DATA SEGMENT:

┏━━

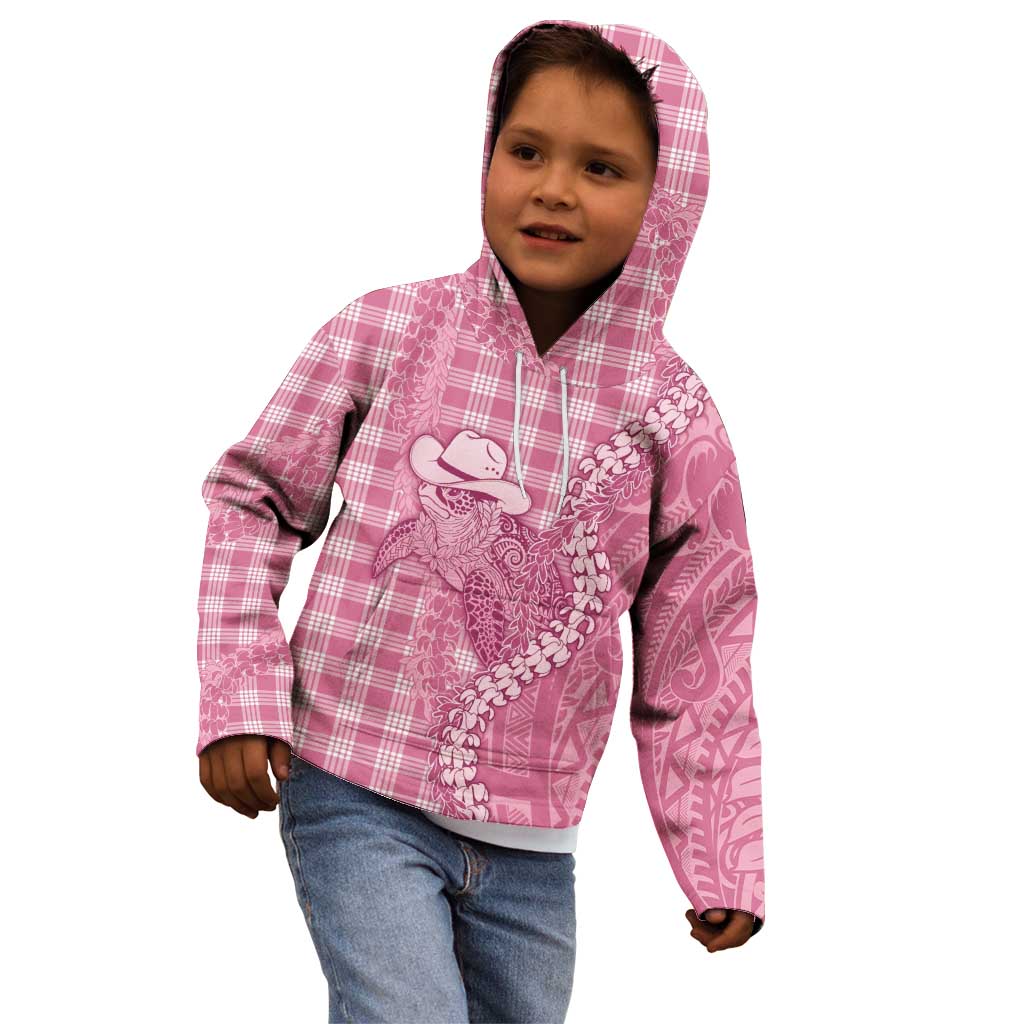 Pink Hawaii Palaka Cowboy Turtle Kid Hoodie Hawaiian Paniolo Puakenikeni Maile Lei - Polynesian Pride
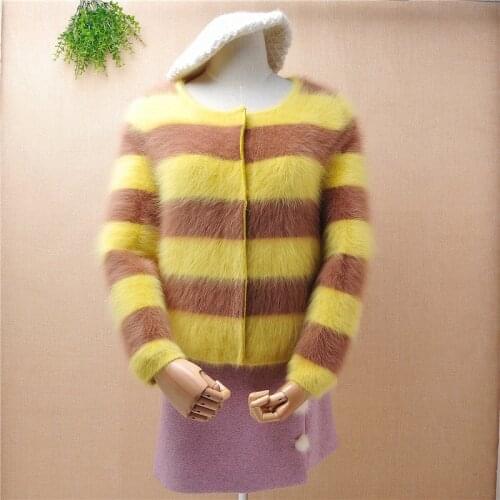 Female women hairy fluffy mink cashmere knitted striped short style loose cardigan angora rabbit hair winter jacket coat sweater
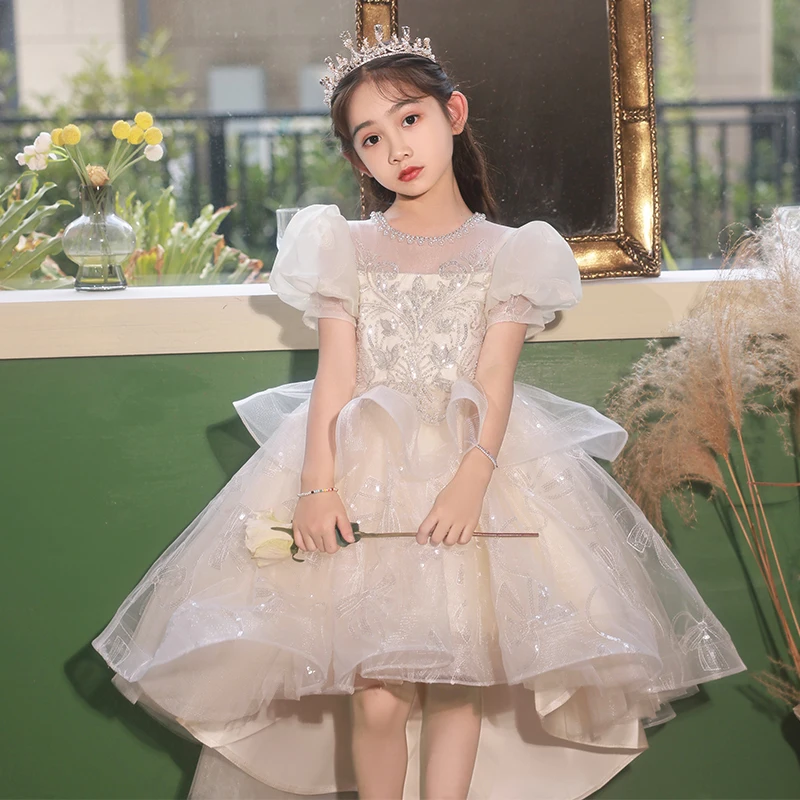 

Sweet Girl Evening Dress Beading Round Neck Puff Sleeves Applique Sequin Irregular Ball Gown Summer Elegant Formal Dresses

┗━━

WHAT TO PRODUCE: Please give back the data above word for word, with no pictures included.

RESULT OF THE TASK:
 Pink Hawaii Palaka Cowboy Turtle Kid Hoodie Hawaiian Paniolo Puakenikeni Maile Lei - Polynesian Pride
 Female women hairy fluffy mink cashmere knitted striped short style loose cardigan angora rabbit hair winter jacket coat sweater

Sweet Girl Evening Dress Beading Round Neck Puff Sleeves Applique Sequin Irregular Ball Gown Summer Elegant Formal Dresses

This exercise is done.